Though December is always busy and chaotic, this is absolutely the best time to sit down and document your professional achievements for your resume. Whether you are an active job seeker or 100% content in your current role, periodic resume updates will serve you in the long run. 

Why now?

There are 3 primary arguments in favor of end-of-year resume updates, regardless of your job status:

  • Fresh perspective on the closing year's activities
  • Availability of metrics and specific results
  • Avoided frenzy and effort in the event of a future job application

We've all been there. For years, you never expect to leave a job, and all of a sudden you realize it's time to move on. You happen to run across your dream job in a listing on LinkedIn, and you realize that the application deadline is tomorrow.

Frantically, you dig through your computer files and an eternity later, you locate your most recent resume draft. You groan as you review it--you haven't updated it at all since you accepted your current position! You rack your brain, trying to come up with some impressive-sounding bullets for your current role, with the clock ticking down in the back of your mind.

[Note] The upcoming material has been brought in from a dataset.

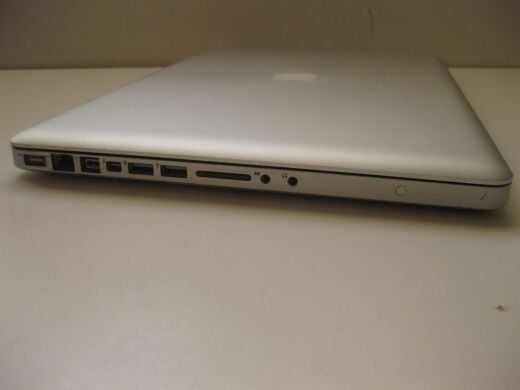 Ноутбук Apple MacBook Pro A1286 / 15.4" (1440x900) TN / Intel Core i7-2635QM (4 (8) ядра по 2.0 - 2.9 GHz) / 8 GB DDR3 / 256 GB SSD / AMD Radeon HD 6490M, 256 MB GDDR5, 64-bit / WebCam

That doesn't sound fun, does it? On top of the experience factor, the resume points that you develop in a pinch will not be as compelling or accurate as they would have been if you'd done them periodically throughout your tenure. 

Although keeping a pulse on your achievements throughout the year is ideal, end-of-year is a great time to consider your professional highlights and to document them thoroughly. Look back on the previous year, referencing your calendar, documents, and other materials as needed, and consider the following questions as they relate to your professional 2017:

  • What are you most proud of this year?
  • Where did you grow professionally this year, and what efforts are evidence of that growth?
  • What projects stretched your skills this year?
  • Where did you see the most noticeable and satisfying results, such as an extremely satisfied customer, major financial savings, etc.?
  • Are there any efforts for which you received formal or informal recognition? Don't overlook 'less significant' recognition, such as a heartfelt thank you note, or a particularly thoughtful comment from a coworker, supervisor, or client.
  • What were your most significant projects this year, in terms of both effort and impact

Reviewing this list, it's easy to see that you are best equipped to answer these questions and identify the relevant metrics now, as opposed to months or years down the road when you find yourself ready to apply for a new opportunity with a fast-approaching deadline. Keep your resume fresh, and capture the best details by reflecting on your achievements in a timely, proactive fashion.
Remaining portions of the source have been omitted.